Five years later, the shared effort of local authorities and wealthy Moscow Jews have enabled the building of a new synagogue.

“There’s a silver lining to the cloud,” one of Russia’s chief rabbis, Berel Lazar, said at the recent opening ceremony, referring to the ’05 blaze. “Malakhovka Jews have always been God fearing, and He wanted them to have a decent building to organize Jewish life. Now we can see this happen.”

The synagogue was built with the financial backing of Moscow businessman Alexander Kaplan, who said he felt a break in tradition upon learning that the old synagogue had been burned down and wanted to bring it back. Kaplan had grown up in Moscow, but his relatives lived in Malakhovka, and as a child he spent summers with them.

Local authorities had allowed the Jews to pray in the former administration building — they did not miss a single Shabbat service, one of the community leaders, Mikhail Glimcher, told JTA. The officials also endorsed a plot of land to build a new synagogue without delay.

“They understand it’s better to be friends with us because elections happen,” said Glimcher, the former community head who is seen as the main force behind the new construction.

Representatives of the local authorities were on hand for the opening ceremony. The head of administration of Malakhovka, Alexander Avtaev, presented the community with a big gilded key and Lazar with a bunch of white roses.

All the citizens of Malakhovka “were upset to know that the synagogue had been burned, and looked forward to the opening of a new one,” Avtaev said.

The building also will house a community center, a mikvah, dining hall, and chess and women’s clubs for a Jewish community of approximately 400.

The synagogue sits in a Moscow suburb known for two reasons: Malakhovka has played host to the summerhouses of many famous artists, and historically it has been populated by Jews.

Old-time residents recall that some 50 years ago, one could hear Yiddish spoken in local shops. In a town of about 18,000, some streets were populated entirely by Jews.
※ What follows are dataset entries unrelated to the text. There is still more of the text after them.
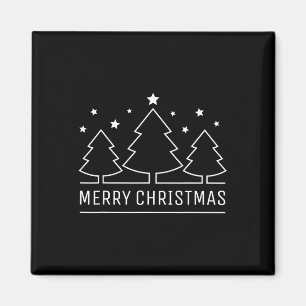 Merry Christmas Women Men Kids Boys Girls Xmas Tre Magnet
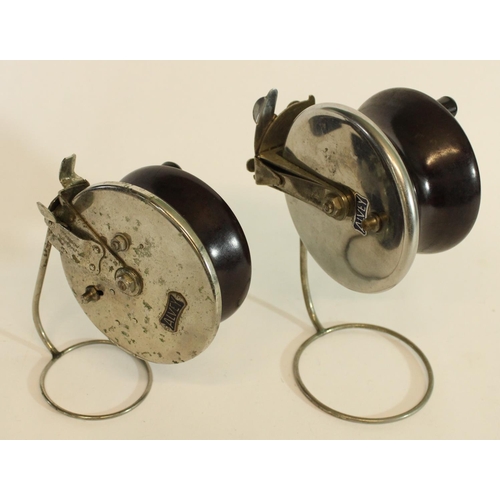 645 - Two Charles Alvey and Sons sidecast reels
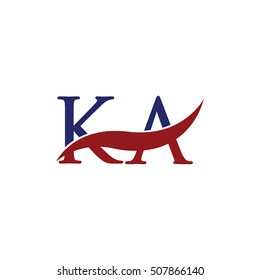 KA Swoosh Logo Vector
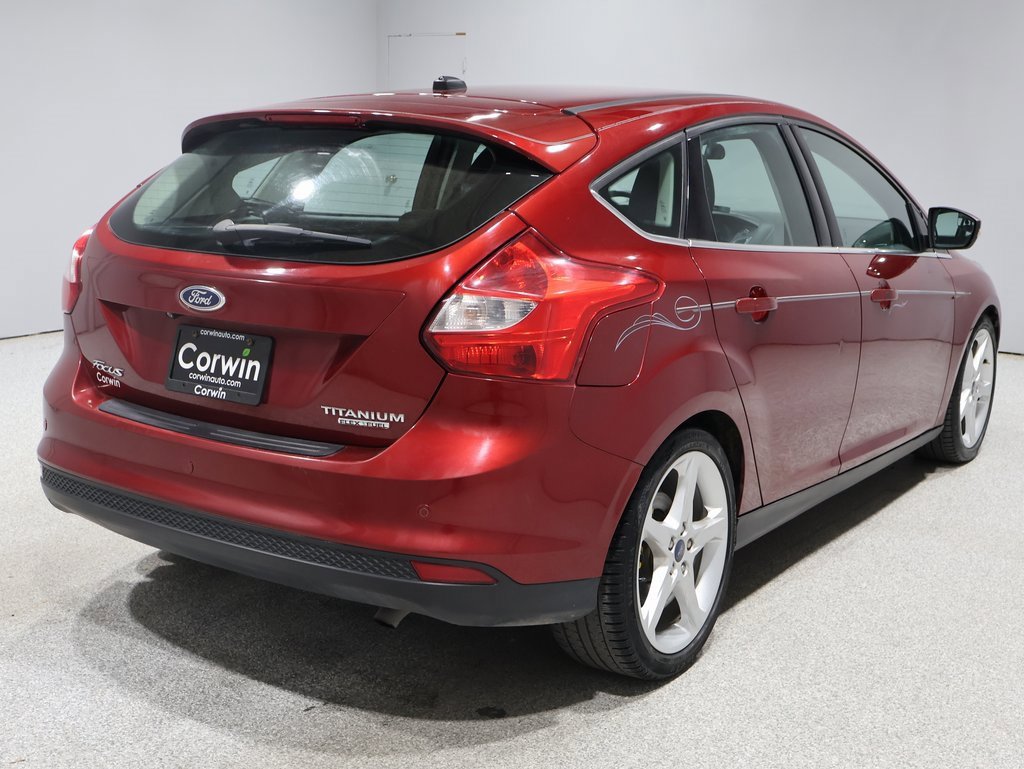 Used 2014 Ford Focus Titanium with VIN 1FADP3N26EL184896 for sale in Fargo, ND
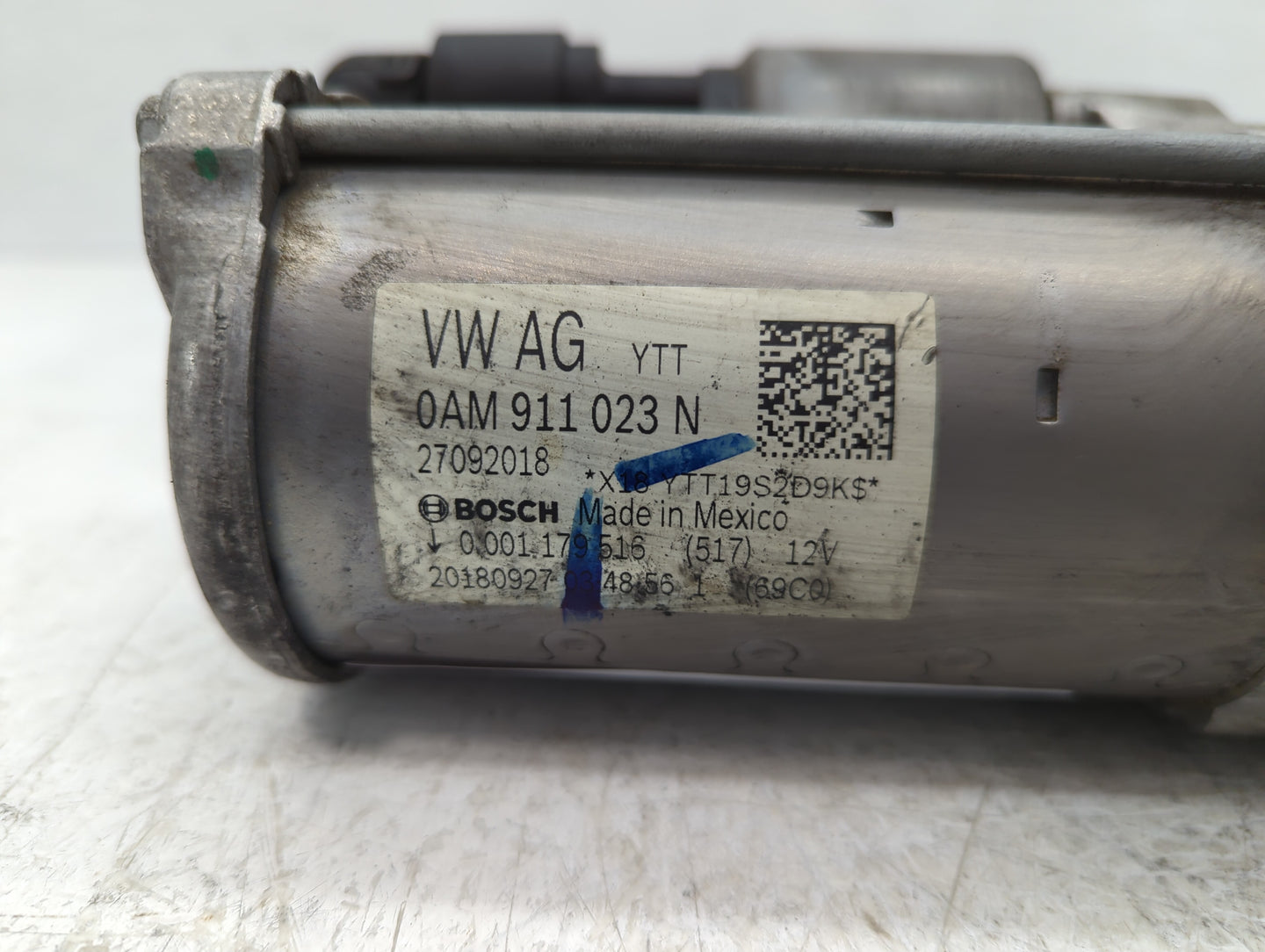 2019-2021 Volkswagen Jetta Car Starter Motor Solenoid OEM P/N:0AM 911 023 N Fits Fits 2019 2020 2021 OEM Used Auto Parts - O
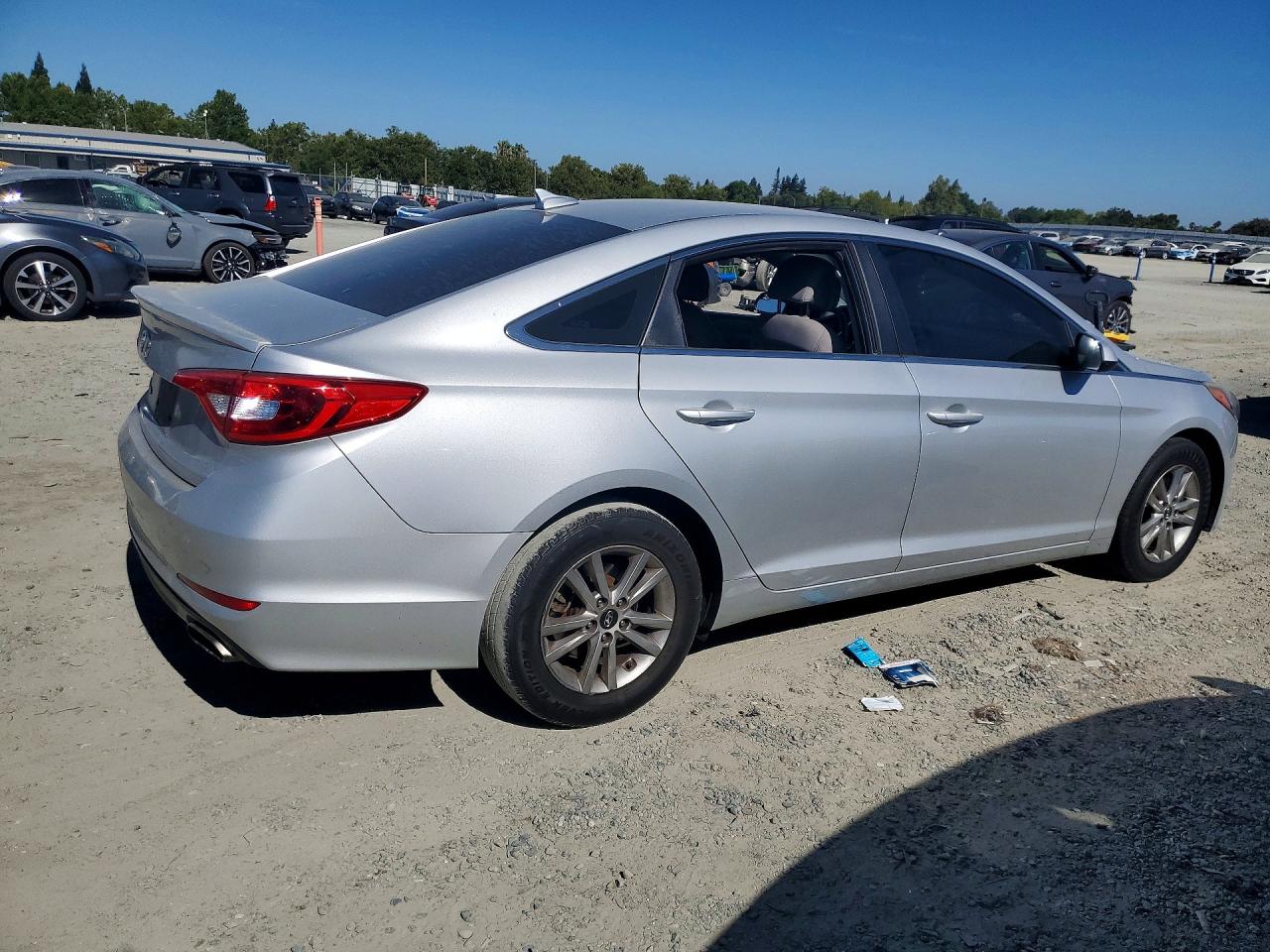 2015 Hyundai Sonata Se Silver vin: 5NPE24AF5FH254843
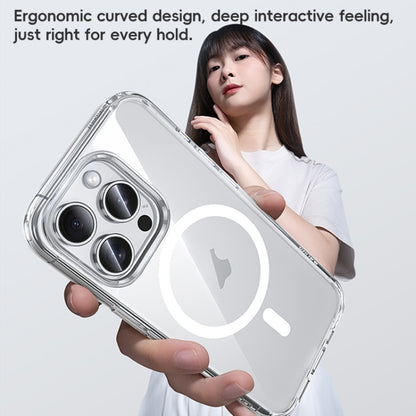 For iPhone 16 Pro Benks MagSafe Magnetic Shockproof Phone Case(Transparent) by Benks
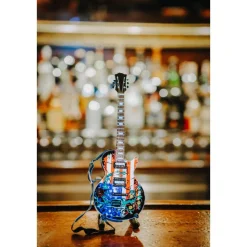 Miniatur Gitarre, Mini Gitarre, Deko Gitarre, Miniatur Gitarren, Deko Gitarren, Mini Gitarren, Puppen Gitarren, handgema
it isn’t clear why Malakhovka became such an attraction for Jews, but it’s likely that Jews had begun to settle here, inside the Pale of Settlement, even before the 1917 revolution. Some speculate that local authorities were loyal to Jews.

Today’s Malakhovka residents prefer to think that the Jews chose Malakhovka simply because of its beauty. Surrounded by pine groves, the town wins high marks in real estate ratings. Also, trains make it easy to reach the center of Moscow.

Another popular conjecture is that Jews liked the place because of a big market held here on weekends.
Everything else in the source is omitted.